Algorithm for UMLS metathesaurus concepts specificity estimation using example of analysis of the semantic model describing axial spondyloarthritis differential diagnostics
https://doi.org/10.25881/18110193_2023_3_30
Abstract
Background. Early axial spondyloarthritis (axSpA) diagnostics is a difficult task requiring clinical decision support (CDS) making. Currently, there is a big unstructured data applicable in CDS systems development. Semantic data analysis is a complex issue to solve, and unified tools for named entity recognition are required. The biggest data source for biomedical text annotation is the Unified Medical Language System (UMLS) Metathesaurus. It includes more than 11 million atomic terms for writing of 4.6 million concepts. The main issue in UMLS using for medical text analysis is a presence of numerous unspecified (generic) terms without any clinical value. Their application leads to significant decrease of searching results. That is why tools for automatic specificity degree estimation are needed to be developed.

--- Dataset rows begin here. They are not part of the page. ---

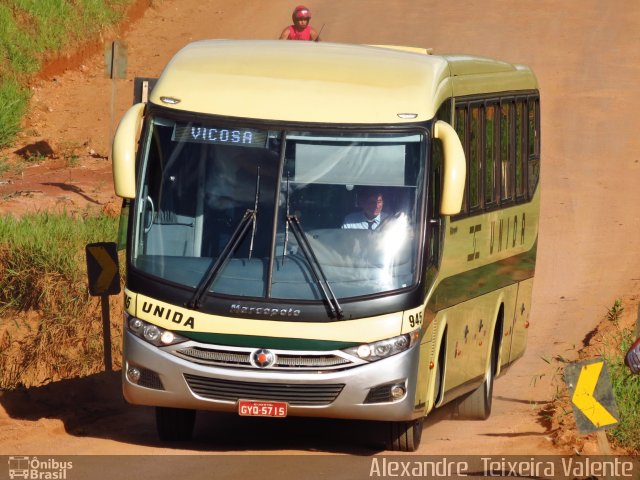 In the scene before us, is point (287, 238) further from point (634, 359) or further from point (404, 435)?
point (634, 359)

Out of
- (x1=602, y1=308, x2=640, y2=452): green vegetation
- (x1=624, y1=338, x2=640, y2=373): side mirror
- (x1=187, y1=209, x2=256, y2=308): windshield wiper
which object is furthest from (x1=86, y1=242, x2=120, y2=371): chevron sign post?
(x1=624, y1=338, x2=640, y2=373): side mirror

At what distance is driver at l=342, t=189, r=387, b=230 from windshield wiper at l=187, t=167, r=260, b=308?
0.67 m

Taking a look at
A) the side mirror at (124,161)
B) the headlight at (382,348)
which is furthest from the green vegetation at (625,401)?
the side mirror at (124,161)

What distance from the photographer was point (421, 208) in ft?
37.0

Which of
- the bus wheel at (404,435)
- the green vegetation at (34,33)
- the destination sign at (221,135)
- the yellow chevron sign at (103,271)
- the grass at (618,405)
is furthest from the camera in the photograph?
the green vegetation at (34,33)

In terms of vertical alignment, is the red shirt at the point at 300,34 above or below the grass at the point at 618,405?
above

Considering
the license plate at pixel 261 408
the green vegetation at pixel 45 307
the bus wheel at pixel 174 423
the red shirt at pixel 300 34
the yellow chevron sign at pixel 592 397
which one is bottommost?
the green vegetation at pixel 45 307

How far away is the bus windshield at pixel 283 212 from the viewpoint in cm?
1104

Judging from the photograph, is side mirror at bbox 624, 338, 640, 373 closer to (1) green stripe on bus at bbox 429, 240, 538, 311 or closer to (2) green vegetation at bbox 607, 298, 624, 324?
(1) green stripe on bus at bbox 429, 240, 538, 311

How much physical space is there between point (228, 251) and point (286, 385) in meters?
1.07

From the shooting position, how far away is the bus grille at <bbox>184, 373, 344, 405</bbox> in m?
10.9

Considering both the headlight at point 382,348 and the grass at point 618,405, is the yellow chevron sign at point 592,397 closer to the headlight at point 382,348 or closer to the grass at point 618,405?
the headlight at point 382,348

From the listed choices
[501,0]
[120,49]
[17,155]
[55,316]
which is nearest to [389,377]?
[55,316]

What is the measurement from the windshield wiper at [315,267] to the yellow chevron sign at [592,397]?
5.88 feet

Aim. To develop an algorithm for specificity degree estimation for UMLS metathesaurus concepts (using example of axial spondyloarthritis).
Methods. English clinical abstracts have been used as data source for automatic UMLS named entity recognition. They have been extracted using free search engine PubMed followed by integration into single electronic corpus. Then each of 24276 texts in corpus has been labeled (affiliated with one of diagnosis in differential list for axSpA) and used for UMLS concepts mapping. A total of 8260 UMLS concepts have been recognized. Each term received an expert binary label of relative specificity.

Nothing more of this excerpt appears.